Data —
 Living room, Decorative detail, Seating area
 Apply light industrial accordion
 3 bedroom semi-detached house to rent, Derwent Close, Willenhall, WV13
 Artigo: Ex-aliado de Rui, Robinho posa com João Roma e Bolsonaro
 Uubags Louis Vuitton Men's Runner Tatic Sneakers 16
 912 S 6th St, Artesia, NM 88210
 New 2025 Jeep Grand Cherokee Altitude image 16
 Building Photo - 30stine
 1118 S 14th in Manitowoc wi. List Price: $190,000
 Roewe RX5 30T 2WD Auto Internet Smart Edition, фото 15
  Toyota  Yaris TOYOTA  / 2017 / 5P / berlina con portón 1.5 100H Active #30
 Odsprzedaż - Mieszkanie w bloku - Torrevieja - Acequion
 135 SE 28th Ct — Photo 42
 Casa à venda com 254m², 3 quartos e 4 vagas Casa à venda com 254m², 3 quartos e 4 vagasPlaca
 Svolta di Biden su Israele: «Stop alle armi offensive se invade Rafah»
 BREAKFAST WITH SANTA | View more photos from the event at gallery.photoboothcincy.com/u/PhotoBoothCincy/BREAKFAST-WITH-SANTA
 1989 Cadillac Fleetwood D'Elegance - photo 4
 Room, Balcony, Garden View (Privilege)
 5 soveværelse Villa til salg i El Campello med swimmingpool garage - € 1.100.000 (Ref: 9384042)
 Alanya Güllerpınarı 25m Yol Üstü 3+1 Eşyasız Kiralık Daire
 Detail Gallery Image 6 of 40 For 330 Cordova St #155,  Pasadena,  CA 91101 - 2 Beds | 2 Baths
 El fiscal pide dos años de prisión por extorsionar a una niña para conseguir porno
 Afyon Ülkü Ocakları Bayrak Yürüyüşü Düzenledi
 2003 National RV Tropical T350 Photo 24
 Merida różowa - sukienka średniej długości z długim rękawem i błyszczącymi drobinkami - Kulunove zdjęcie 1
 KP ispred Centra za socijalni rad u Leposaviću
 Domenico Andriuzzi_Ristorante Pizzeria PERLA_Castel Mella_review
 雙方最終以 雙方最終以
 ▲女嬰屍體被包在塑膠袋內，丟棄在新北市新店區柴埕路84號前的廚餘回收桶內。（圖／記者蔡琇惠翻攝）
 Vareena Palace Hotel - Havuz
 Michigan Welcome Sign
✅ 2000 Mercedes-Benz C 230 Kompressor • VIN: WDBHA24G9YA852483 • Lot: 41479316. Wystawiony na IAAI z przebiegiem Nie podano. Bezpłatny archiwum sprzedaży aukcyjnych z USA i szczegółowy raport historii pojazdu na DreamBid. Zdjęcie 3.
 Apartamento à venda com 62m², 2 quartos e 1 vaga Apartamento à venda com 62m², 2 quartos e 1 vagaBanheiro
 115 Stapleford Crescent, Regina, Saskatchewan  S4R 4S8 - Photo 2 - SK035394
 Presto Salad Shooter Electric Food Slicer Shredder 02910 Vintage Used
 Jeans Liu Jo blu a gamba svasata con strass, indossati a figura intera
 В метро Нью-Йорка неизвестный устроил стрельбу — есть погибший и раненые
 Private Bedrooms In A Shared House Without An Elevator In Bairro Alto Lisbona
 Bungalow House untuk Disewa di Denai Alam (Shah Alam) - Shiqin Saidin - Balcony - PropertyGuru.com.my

Problem — Collect, from the material above, every line containing the word "venda".

Solution for this exercise —
 Casa à venda com 254m², 3 quartos e 4 vagas Casa à venda com 254m², 3 quartos e 4 vagasPlaca
 Apartamento à venda com 62m², 2 quartos e 1 vaga Apartamento à venda com 62m², 2 quartos e 1 vagaBanheiro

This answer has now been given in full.